PROVIDED INFORMATION:

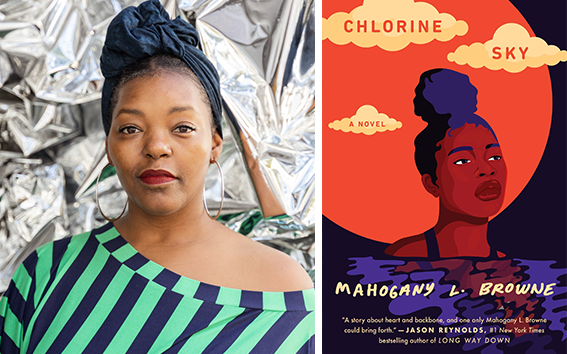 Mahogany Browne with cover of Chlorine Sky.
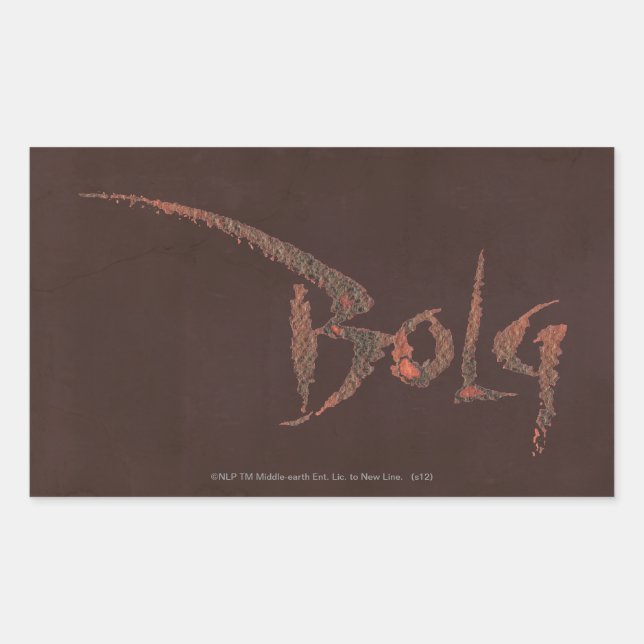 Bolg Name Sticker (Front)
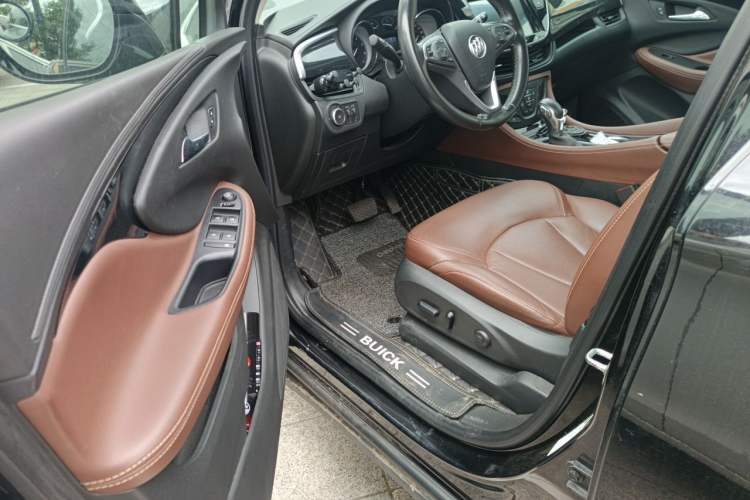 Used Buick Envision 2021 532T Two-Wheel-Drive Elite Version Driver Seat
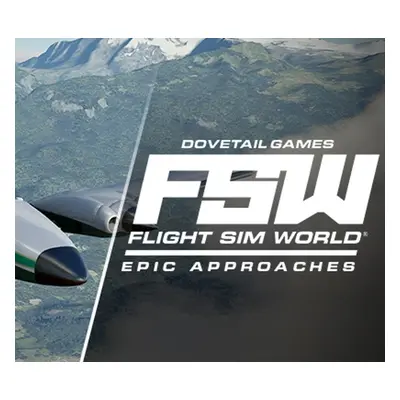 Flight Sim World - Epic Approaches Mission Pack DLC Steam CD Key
* * *
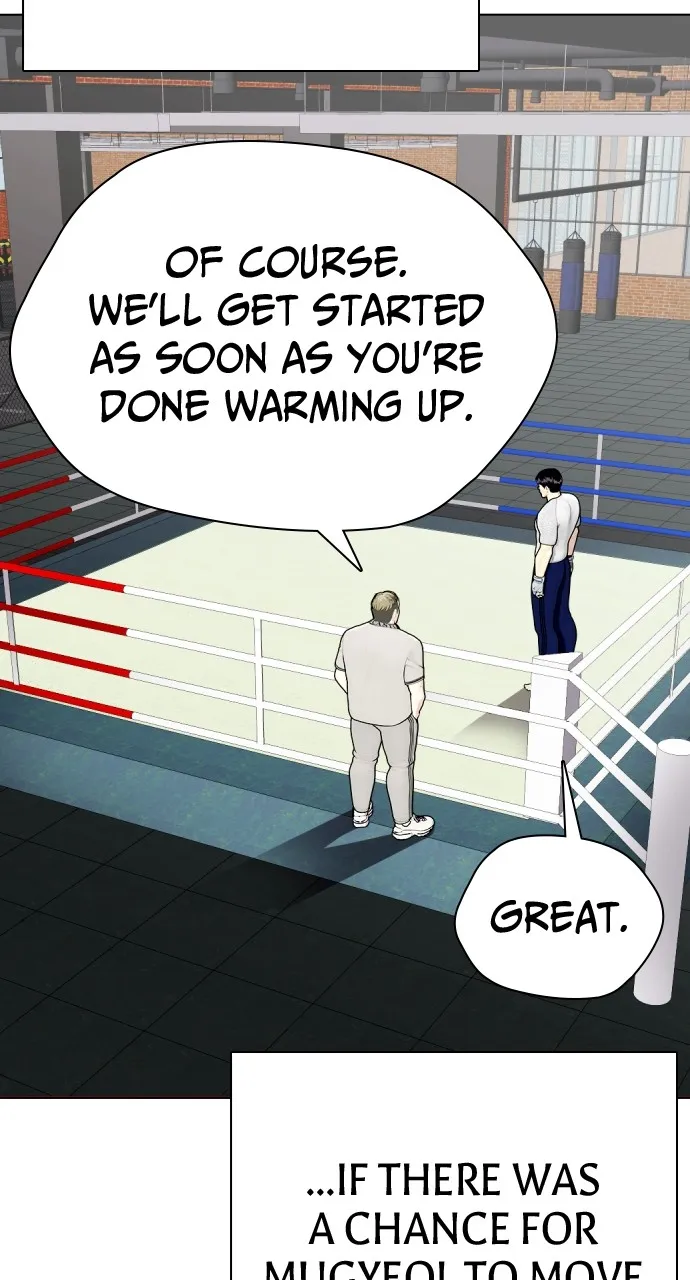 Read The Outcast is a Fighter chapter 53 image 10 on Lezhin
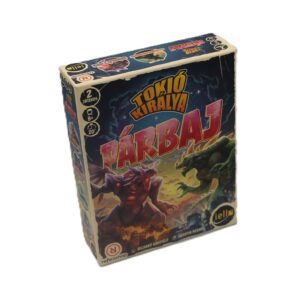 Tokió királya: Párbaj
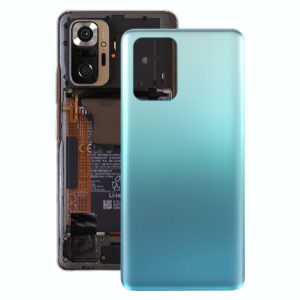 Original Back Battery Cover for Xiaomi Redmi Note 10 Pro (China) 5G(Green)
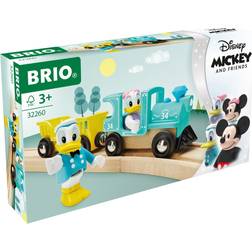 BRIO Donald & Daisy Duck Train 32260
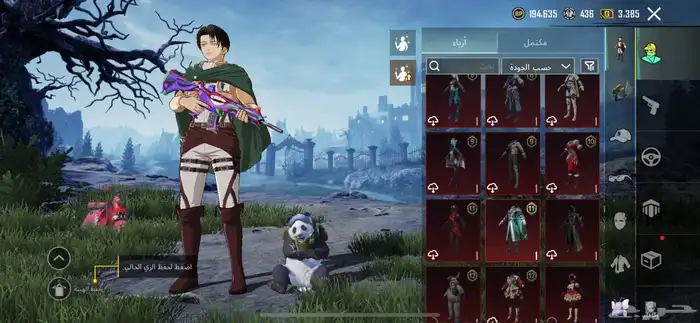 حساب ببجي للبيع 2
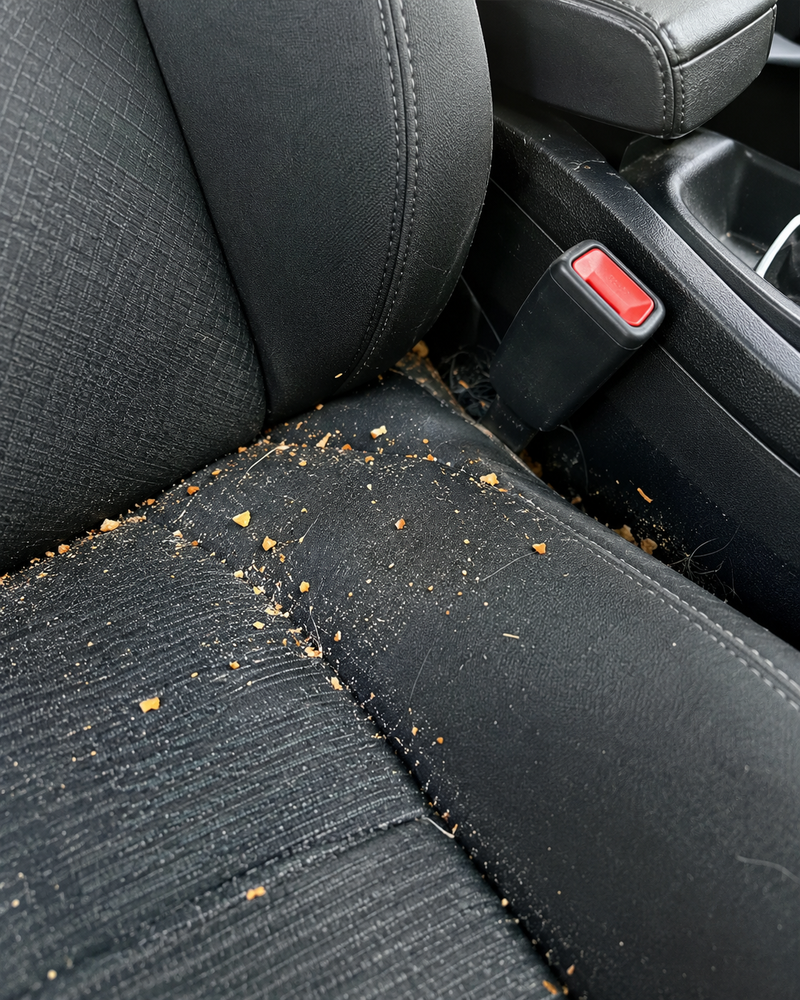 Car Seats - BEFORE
...
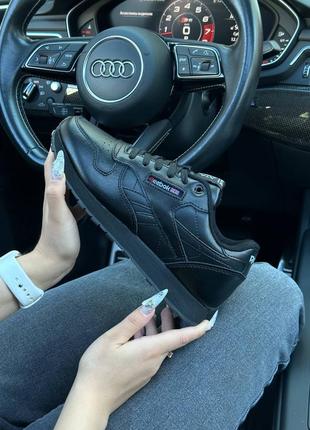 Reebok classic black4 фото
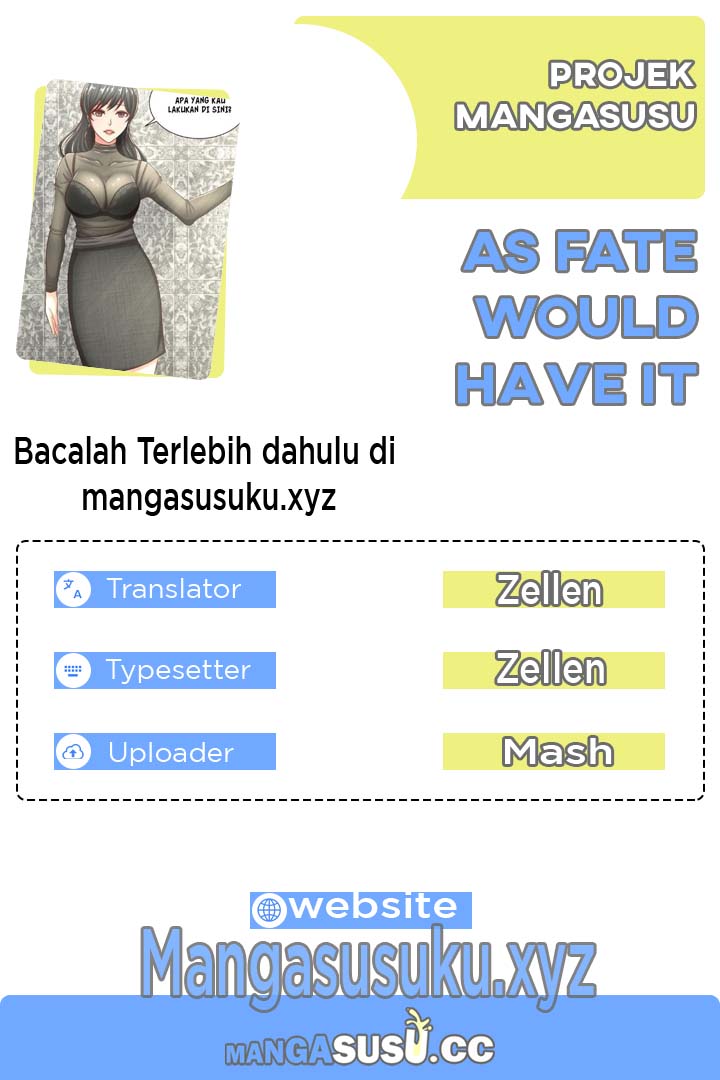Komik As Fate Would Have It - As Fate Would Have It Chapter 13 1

EXERCISE DESCRIPTION:
Treat the line with "Mahogany Browne with cover of Chlorine Sky." as the start and the line with "Flight Sim World" as the end, and return exactly that span of the data above, both ends included, without pictures.

WRITTEN SOLUTION:
 Mahogany Browne with cover of Chlorine Sky.
 Bolg Name Sticker (Front)
 Used Buick Envision 2021 532T Two-Wheel-Drive Elite Version Driver Seat
 Flight Sim World - Epic Approaches Mission Pack DLC Steam CD Key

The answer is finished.